What you are asked to do: When you reach a picture, pass over it; otherwise repeat the listing word for word.

Data below:
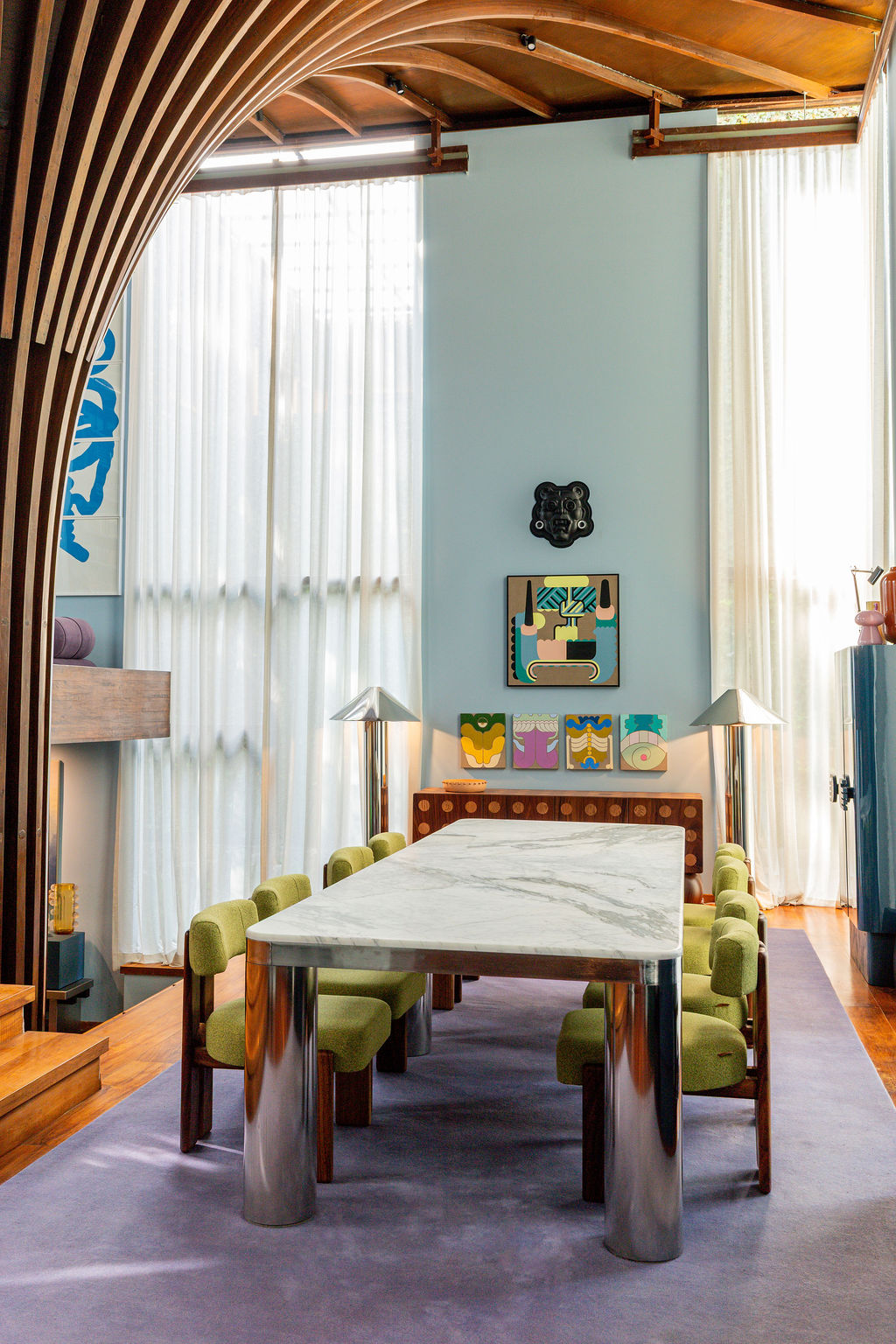 a dining room with lilac rug, marble table with tubular metal legs, bright green dining chairs, blue walls, and sheer curtains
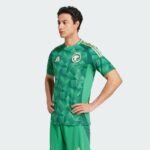 Male model wearing a green Saudi national football jersey with a geometric pattern and Adidas stripes across the shoulders, standing with hands on hips.
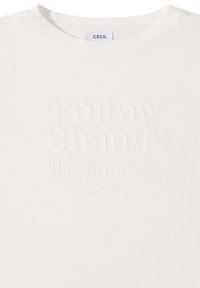 T-shirt blanc avec texte en relief "Follow Change Dance" et texte plus petit "Vis ta propre vie, poursuis ta propre voie," avec étiquette CECIL à l'intérieur du col.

Task solution:
 a dining room with lilac rug, marble table with tubular metal legs, bright green dining chairs, blue walls, and sheer curtains
 Male model wearing a green Saudi national football jersey with a geometric pattern and Adidas stripes across the shoulders, standing with hands on hips.
 T-shirt blanc avec texte en relief "Follow Change Dance" et texte plus petit "Vis ta propre vie, poursuis ta propre voie," avec étiquette CECIL à l'intérieur du col.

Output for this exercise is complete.